GCC versions have reached 1.39 on terminator, but only 1.37.1 appears in binary
form (1.38 and 1.39 are in "diff" form). 

What I'm concerned about is that the GCC-using ST community is dependent on
*someone else* doing the cross-compilation to get these diffs into binary
format. (Or are they --- has anyone got a GCC v1.39 executable by compiling it
up on an ST?)

For a brief period last year, we lost our primary supplier (Hi jbammi!), what
happens if it's permanent next time? (He might swap his ST for a TT [or best
offer] and then where are we?)

I have tried to follow a path designed to produce an ST GCC-bootstrap
distribution (get the compiler to compile its own sources, and work through the
libs, gdb, binutils, etc) but I find that it's *extremely* difficult to

	a) collate everything required --- it's a dynamic list!
	b) integrate the various gcc, gas & ld options.
	c) track down the various library sources (e.g. termcap)

I tried to compile gcc v139 but bison fell over a .y file --- now I have to
find out whether GCC 1.37 and byacc are still in synch. These problems
generally don't appear when cross-compiling on Eunuchs boxes for example ---
but they do tend to arrive in hordes when ST-bootstrapping.

Cheers,

Graham
======

------------------------------------------------------------------
Graham Higgins             	|  Phone: (0272) 799910 x 24060
Hewlett-Packard Labs    	|  gjh%ghiggins@hpl.hp.co.uk
Bristol                       	|  gjh%ghiggins@hplb.hpl.hp.com
U.K.                          	|  
------------------------------------------------------------------
Disclaimer: My opinions above are exactly that, mine and opinions.
------------------------------------------------------------------

bjsjr@NCoast.ORG (Bill Shroka) (02/18/91)

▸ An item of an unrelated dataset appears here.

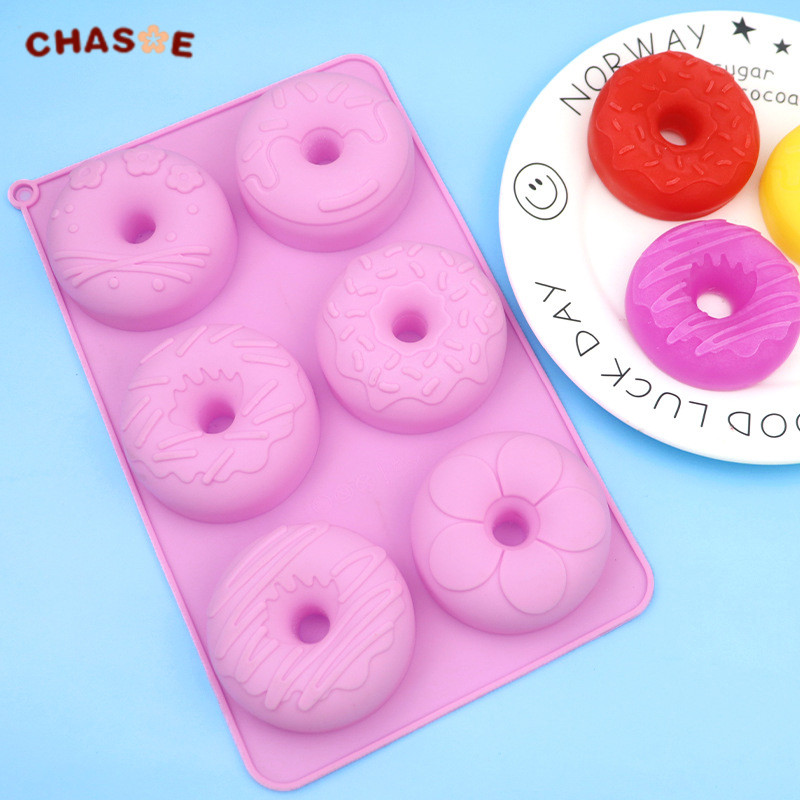 Cetakan Silikon Donat 6 Cavity Mini / Donut Kecil Permen / Coklat Puding Biskuit Muffin Cake Pan / M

In article <GJH.91Feb11103129@ghiggins.hpl.hp.com> gjh@hplb.hpl.hp.com (Graham Higgins) writes:
>
>GCC versions have reached 1.39 on terminator,but only 1.37.1 appears in binary
>form (1.38 and 1.39 are in "diff" form). 
>
>What I'm concerned about is that the GCC-using ST community is dependent on
>*someone else* doing the cross-compilation to get these diffs into binary
>format. (Or are they --- has anyone got a GCC v1.39 executable by compiling it
>up on an ST?)

I've compiled GCC 1.39 on my ST.  I used the GULMAKE package that was created
by Jim Hurley.  It's a series of Gulam scripts that automates the make process.
It takes about 2 or 3 hours to completely compile GCC and I experienced
relatively few problems, though it's something I'd rather not do very often :-)


-- 
--------------------------------------------------------------------------
Bill Shroka
bjsjr@NCoast.ORG
ncoast!bjsjr@usenet.INS.CWRU.Edu

jimh@ultra.com (Jim Hurley) (02/22/91)

In <1991Feb17.234055.25173@NCoast.ORG> bjsjr@NCoast.ORG (Bill Shroka) writes:

>In article <GJH.91Feb11103129@ghiggins.hpl.hp.com> gjh@hplb.hpl.hp.com (Graham Higgins) writes:
>>
>>GCC versions have reached 1.39 on terminator,but only 1.37.1 appears in binary
>>form (1.38 and 1.39 are in "diff" form). 
>>
>>What I'm concerned about is that the GCC-using ST community is dependent on
>>*someone else* doing the cross-compilation to get these diffs into binary
>>format. (Or are they --- has anyone got a GCC v1.39 executable by compiling it
>>up on an ST?)

>I've compiled GCC 1.39 on my ST.  I used the GULMAKE package that was created
>by Jim Hurley.  It's a series of Gulam scripts that automates the make process.
>It takes about 2 or 3 hours to completely compile GCC and I experienced
>relatively few problems, though it's something I'd rather not do very often :-)


>-- 
>--------------------------------------------------------------------------
>Bill Shroka
>bjsjr@NCoast.ORG
>ncoast!bjsjr@usenet.INS.CWRU.Edu

As Bill says, this is a tedious process on the ST, but it is doable.
The only problems I have ever encountered were occasional 'make'
errors, or maybe gulam-make interaction errors. However, re-executing the
'make' picked up right where it left off.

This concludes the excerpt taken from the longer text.